Released in 2007 strictly for PC, the original Crysis gained a bit of notoriety in the gaming world due to its demanding hardware requirements. A high-end gaming rig was necessary to be able to run the game, and not many could play it at max settings. It was famously stated by Cevat Yerli, the director of Crytek, that Crysis would never be able to be played on consoles.

Well, four years later, we finally have Crysis on XBLA/PSN, and it looks pretty damn good.

The new CryEngine 3 was created with the console in mind, and the developers took advantage of this new technology to bring the original Crysis experience to a brand new audience. Stripped down to its single player campaign, the game comes as a $20 downloadable title.

Set in the year 2020, Crysis places gamers in the role of soldier Jake Dunn (codename: Nomad). Nomad, along with the rest of the elite Raptor Team, has been sent to a remote island off the coast of the Eastern Philippines to investigate a distress signal sent from U.S. scientists. Upon arriving, it is discovered that North Korean forces have taken over the area and are well on their way to unleashing a powerful ancient alien artifact found in the middle of the island. It is the Raptor Team’s job to put an end to the entire threat, taking down North Korean and alien forces along the way.

Crysis [Xbox 360, 2011]

It’s a pretty daunting task, but Nomad is aided in the form of his high-tech Nanosuit, which provides enhanced strength, speed, armor and a cloaking ability. These features can only come in bursts, however, as the suit needs to be recharged after a certain amount of time. Being able to switch between cloaking (temporary invisibility) and beefed-up armor is a unique feature, and it allows the game to be played in multiple ways. Depending on your preferred style of play, you can run through guns-a-blazin’ or stealthily maneuever past most enemies. Since you are only able to use the functions in limited doses, it often takes different strategies to accomplish certain goals.

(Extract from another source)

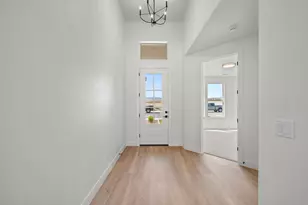 2453 E Malitsoh Way, Saint George, UT 84790 - Photo 9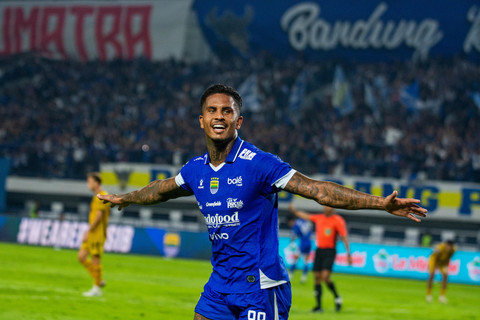 Selebrasi pemain Persib Bandung Ramon Tanque usai mencetak gol ke gawang Bhayangkara FC pada pertandingan Super League di Stadion Gelora Bandung Lautan Api (GBLA), Bandung, Minggu (21/12/2025). Foto: Novrian Arbi/ANTARA FOTO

While Crysis plays as a linear shooter (at least in terms of providing mandatory objectives), it is presented in a wide open world that allows for deep exploration. There are multiple ways to get to the intended targets, and there are also secondary objectives that can be completed along the way. For those that revel in sandbox glory, this will be a very rewarding experience.

Weapons are mostly standard fare — assault rifles, shotguns, missile launchers, etc. — but they can be customized from the get-go to suit your needs. Flashlights, laser dot sight, scope sight, and upgraded ammo are just a handful of traits that can be changed with every acquired weapon. This impressive amount of features, everything from customizable weapons to the badass Nanosuit, helps make Crysis stand out from other like-minded shooters.

Crysis [Xbox 360, 2011]

Graphically, Crysis looks great (considering its age), but it does suffer from some small issues. Minor details, such as blades of grass, are rough in appearance, and there are occasional problems with graphics being drawn in on the fly. Still, it’s a major feat just to be able to play this on a console, and it can hold its own with some of the early generation Xbox 360/PS3 titles.

As a $20 downloadable game, Crysis is a pretty good deal. The single player campaign lasts 8-10 hours, and the achievements/trophies are set up in a way that rewards at least two separate playthroughs. Crysis is the type of shooter that we don’t see as often on consoles, as it presents a great open world that allows for some flexibility on the part of the gamer. It also helps to have some variety in the form of enemies, as the transition from enemy soldiers to badass aliens is a welcome one.

The bottom line is that Crysis is a mandatory pickup for those who have been curious about it over the years, and it is a great buy for fans of first person shooters in general.


(A copy of this game was provided by the publisher for review.)